# Task brief
Omit all pictures and transcribe only the lines in the entries below that run from the line with "Men's New Era" through the line with "Tricou funcțional bărbați".

# Source records
★ ★ ★

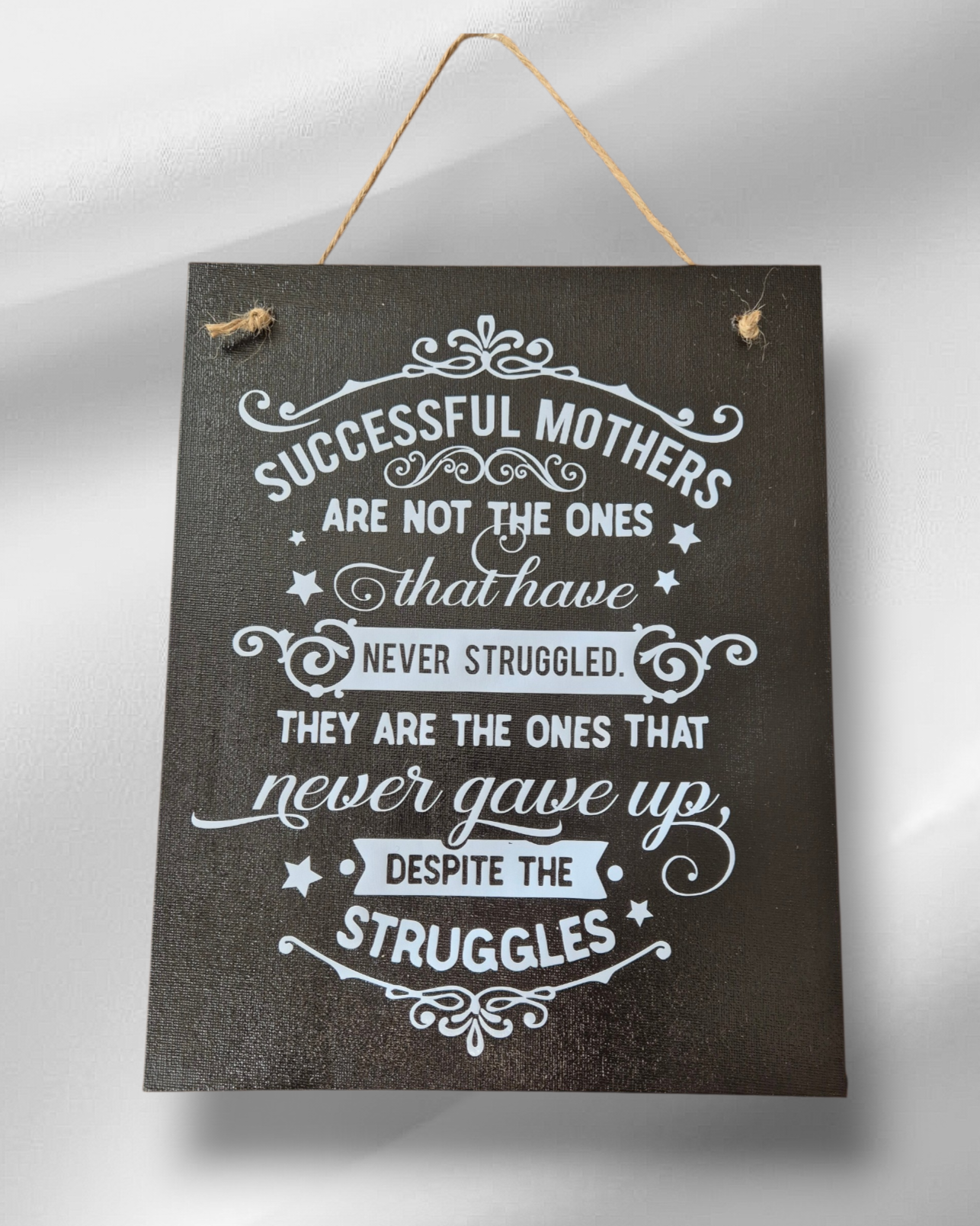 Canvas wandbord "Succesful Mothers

★ ★ ★

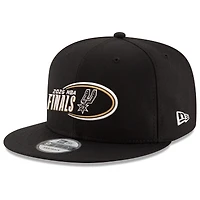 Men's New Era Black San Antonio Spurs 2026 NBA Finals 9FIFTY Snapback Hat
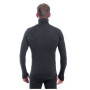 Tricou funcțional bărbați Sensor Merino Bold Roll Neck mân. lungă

★ ★ ★

# Finished exercise
 Men's New Era Black San Antonio Spurs 2026 NBA Finals 9FIFTY Snapback Hat
 Tricou funcțional bărbați Sensor Merino Bold Roll Neck mân. lungă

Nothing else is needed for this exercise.